BW-Bank informiert über Vorsorgeregelungen - Für den Notfall gut vorgesorgt?

BW-Bank informiert über Vorsorgeregelungen -
Für den Notfall gut vorgesorgt?

Unfall, Krankheit, Pflegefall, Tod – niemand denkt gerne über die Schattenseiten der Zukunft nach. Dennoch ist es so wichtig, für den schlimmsten Fall vorzusorgen – zum Beispiel mit einer Patientenverfügung, einer Generalvollmacht, einer Vorsorgevollmacht, einem Testament. “Entspannt in die Zukunft blicken: Vorsorgeregelungen für den Notfall” hat die Baden-Württembergische Bank (BW-Bank) daher zum Aufhänger für ihre Informationsveranstaltung am 20. Januar 2009 im Rudi-Häussler-Saal in Vaihingen. gemacht. Die Rechtsanwältin und Fachanwältin für Erbrecht Corinna Werwigk-Hertneck, Justizministerin a. D., beleuchtete die rechtlichen Aspekte, während Axel Mannes, Fachberater für Vorsorge bei der BW-Bank, über die Kostenseite und finanzielle Regelungen sprach.

Wie kann man sich im Alter oder Krankheitsfall absichern? Wie die Familienangehörigen? Welche Maßnahmen sind zu ergreifen? Corinna Werwigk-Hertneck beantwortete alle Fragen und hatte wertvolle Tipps.

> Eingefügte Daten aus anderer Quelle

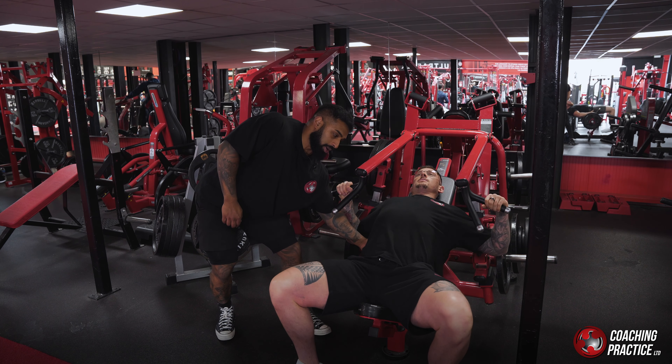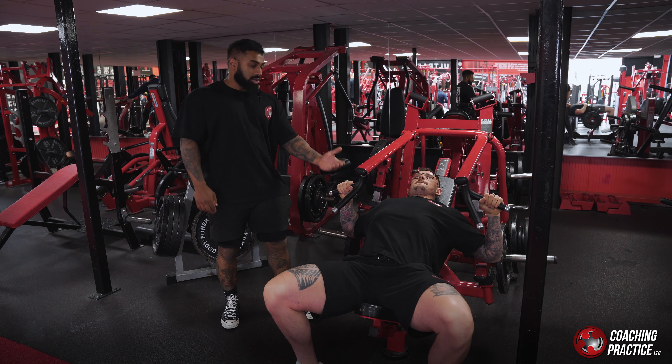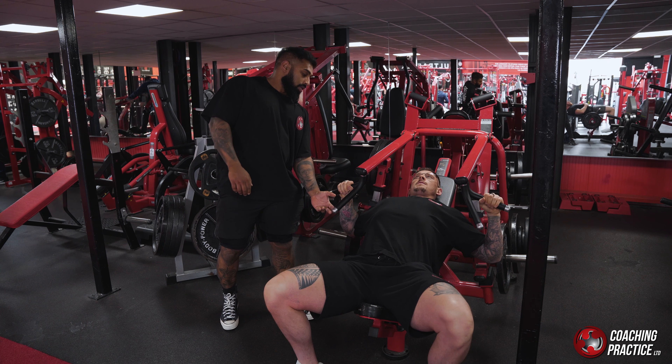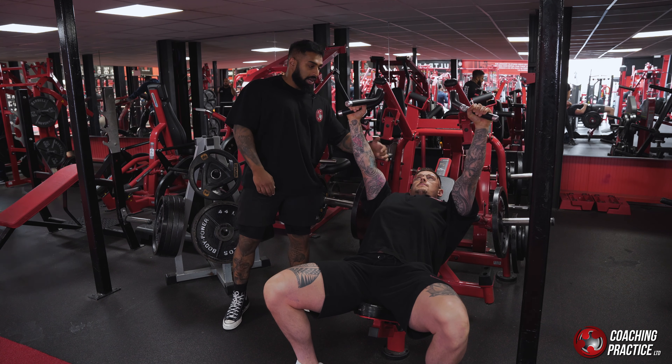So when Ben leans back into this, he'll grab the outer handle. You'll see there's a slight lift in his midsection. It's important that he doesn't go too much and lift his chest too much and turn it into a flat chest press.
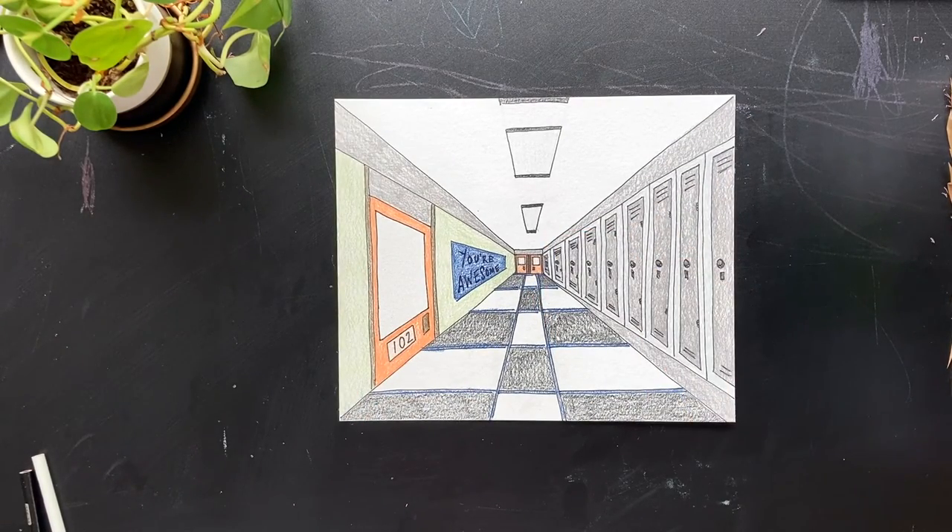There is a unique take on one point perspective using a school hallway. I hope you all enjoyed learning about one point perspective, and you'll join in again on the next art lesson and project. But until then, keep creating.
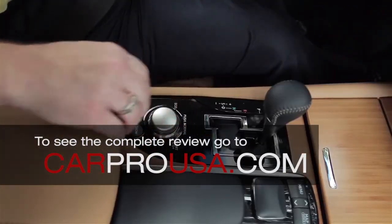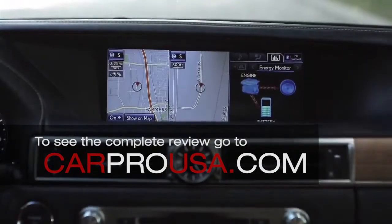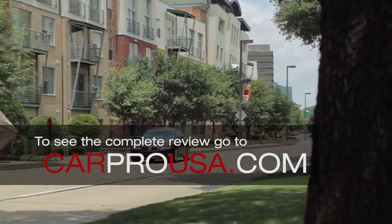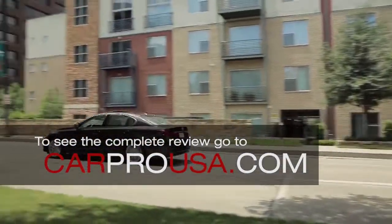If you go to Eco mode, this 4100 lb car will get you 35 miles to the gallon out on the highway and 31 overall. This rear wheel drive Lexus Hybrid is much improved from the previous GS in appearance, but it's also 35% more fuel efficient.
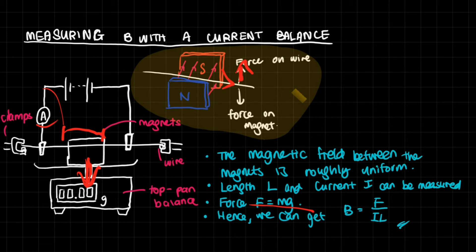Using Fleming's left hand rule: if the current runs in a given direction, the force on the wire would be upwards. By Newton's third law, the equal and opposite force on the magnet goes downwards, increasing the reading on the balance. Using F, together with the measured current I and length L, we can calculate the magnetic flux density as B = F / IL.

Zunächst wird das Vermögen festgestellt und wer als Bevollmächtigter überhaupt in Frage kommt. Erst dann geht es an die Umsetzung der Ziele und an die Entscheidung, was man wirklich benötigt. Detailliert ging Werwigk-Hertneck auf die Einzelheiten ein: Welches Testament ist für mich geeignet? Welche Inhalte nehme ich in meiner Patientenverfügung auf? Was schließe ich aus? Wen bevollmächtige ich? Was bewirkt eine Generalvollmacht? Wie sieht eine Vorsorgevollmacht aus? Was muss ich notariell veranlassen?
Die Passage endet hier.